Ces accusations n’ont toutefois pas été confirmées de manière indépendante. Les personnes ou groupes concernés n’ont pas non plus, à ce stade, eu l’occasion de répondre de manière suffisamment documentée à ces allégations.
Une attaque dont les circonstances restent à éclaircir
La principale question qui demeure est celle de l’identité de la partie ayant utilisé le drone lors de la frappe survenue dans la nuit de mardi à mercredi.
D’un côté, les FARDC accusent l’AFC/M23 d’être à l’origine de l’attaque.

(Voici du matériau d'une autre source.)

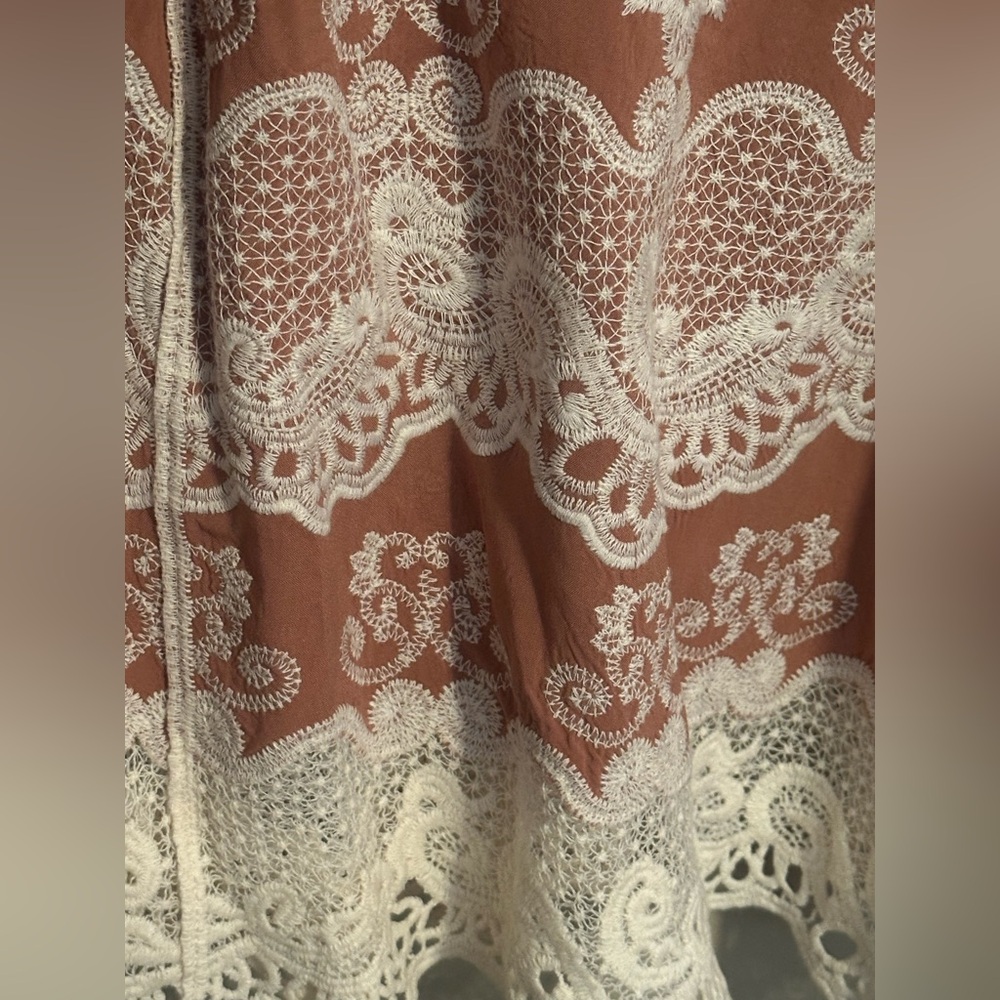 NWT Democracy Embroidered Lace Blouse in Brown Nutmeg and Cream Lace! SZ Medium - Picture 3 of 6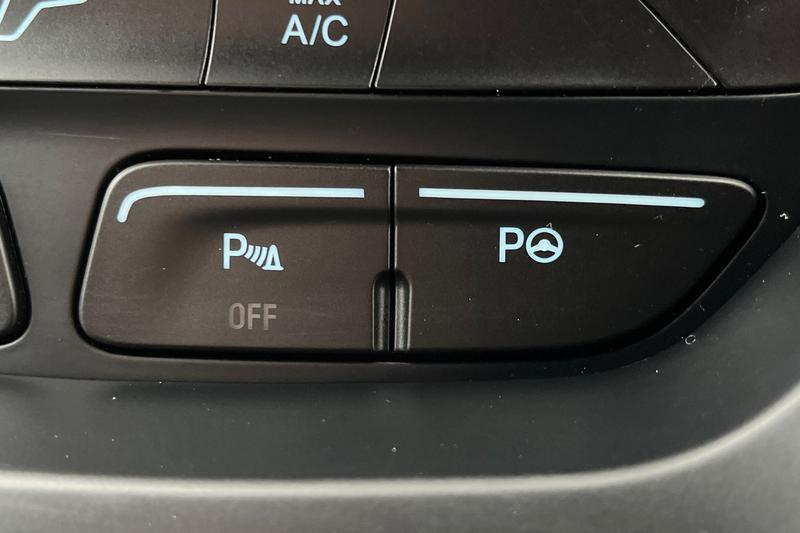 Used Ford Kuga 2017 for sale - 76766911: Photo 34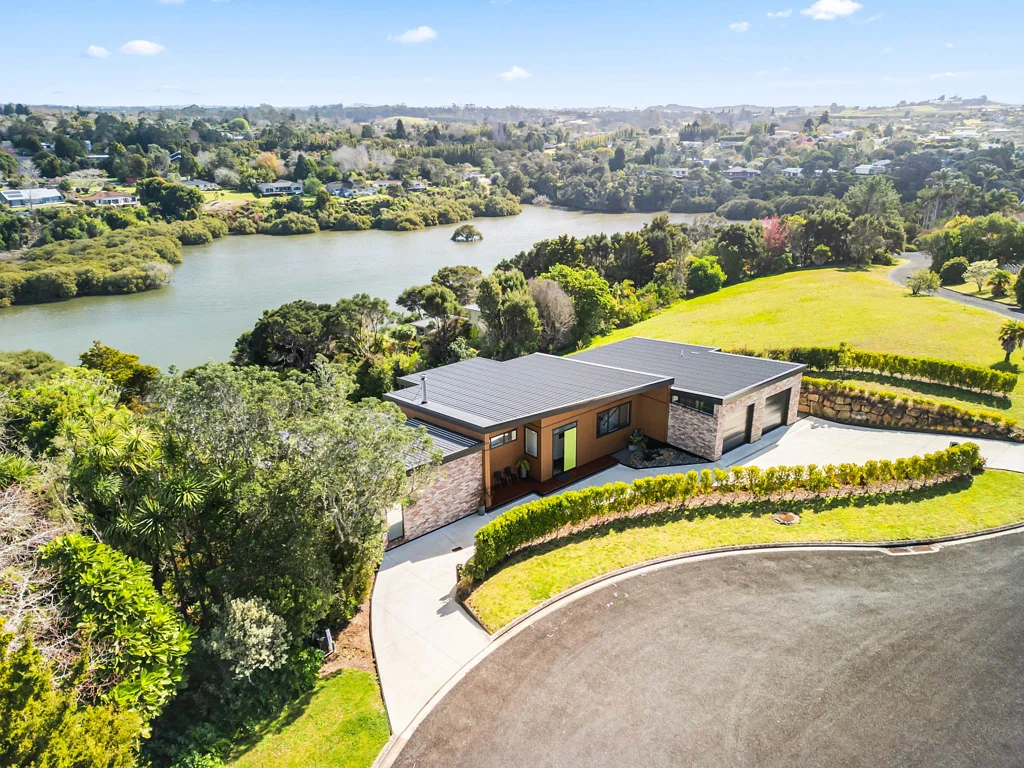 Kerikeri 3 Slaapkamer Bespoke Home - An Absolute Beauty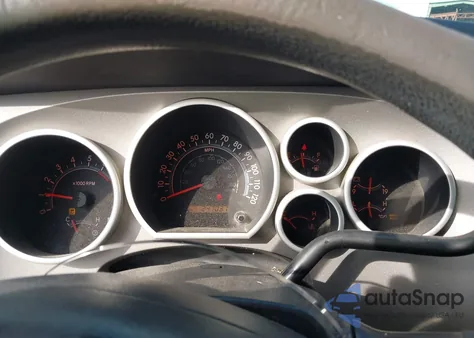 2010 Toyota Tundra Grade 5.7L V8 z USA, uszkodzony, nr VIN 5TFRY5F11AX095058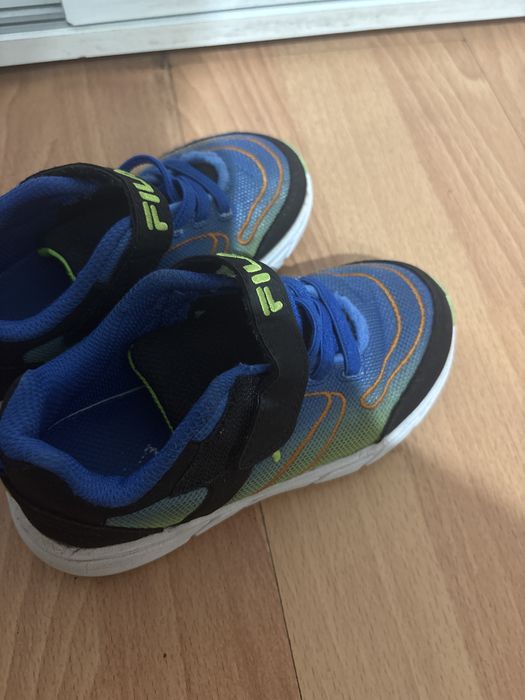 Vand adidasi Fila baieti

De l’autre, des sources présentes à Fizi affirment que le drone aurait appartenu aux forces armées congolaises et qu’il aurait ciblé certains militaires présents à Fizi-Centre.
Cette divergence entre la version officielle de l’armée et les informations recueillies localement entretient donc de nombreuses interrogations sur les circonstances exactes de l’attaque.
La frappe a également causé des dégâts à l’hôtel Mwalu, l’un des bâtiments situés dans le secteur de Fizi-Centre.
Les dommages enregistrés sur cet établissement et potentiellement sur d’autres infrastructures situées à proximité du lieu de l’attaque suscitent de nouvelles inquiétudes quant à la sécurité des populations civiles, alors que les drones sont devenus des moyens importants dans les opérations militaires menées dans l’est de la République démocratique du Congo.
À ce stade, plusieurs questions restent sans réponse : qui contrôlait le drone à l’origine de la frappe ? Quelles étaient ses véritables cibles ? Quel est le bilan réel des militaires tués et blessés ? Et quelles sont les raisons précises qui ont conduit à cette frappe à Fizi-Centre dans la nuit de mardi à mercredi ?
Minembwe Capital News continuera de suivre cette affaire et de rechercher des éléments indépendants susceptibles de permettre d’établir les faits avec davantage de précision.